■ **The task**
For this exercise, an exact copy is needed of only the lines from the one containing "Shipping Date Cards — View from the archive" through the end of the data, with pictures left out.

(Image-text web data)
- - - - - - -

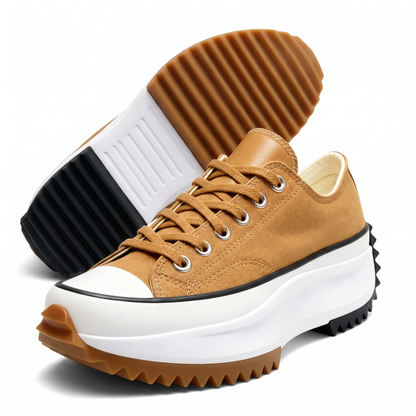 Hazel Orthopedic Comfort Sneakers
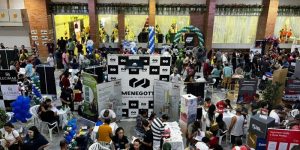 Definida a data do 2º Feirão de Empregos de Jaraguá do Sul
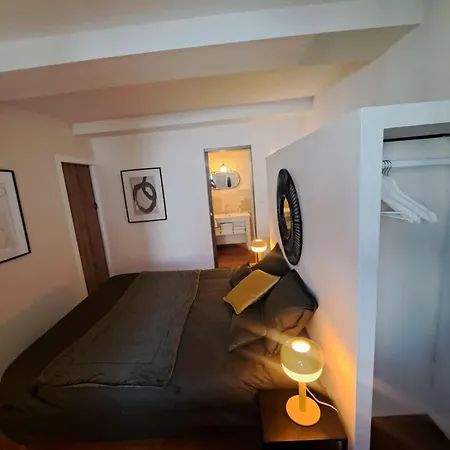 Au Coeur Du Centre Historique Apartman Perpignan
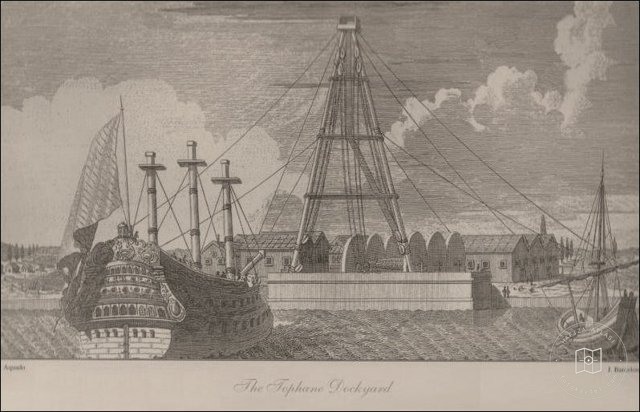 Shipping Date Cards — View from the archive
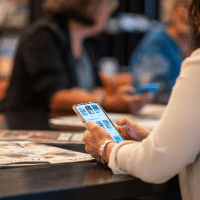 Digitaal Sterk! centrum in Hillegom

- - - - - - -

■ **Result for this task**
 Shipping Date Cards — View from the archive
 Digitaal Sterk! centrum in Hillegom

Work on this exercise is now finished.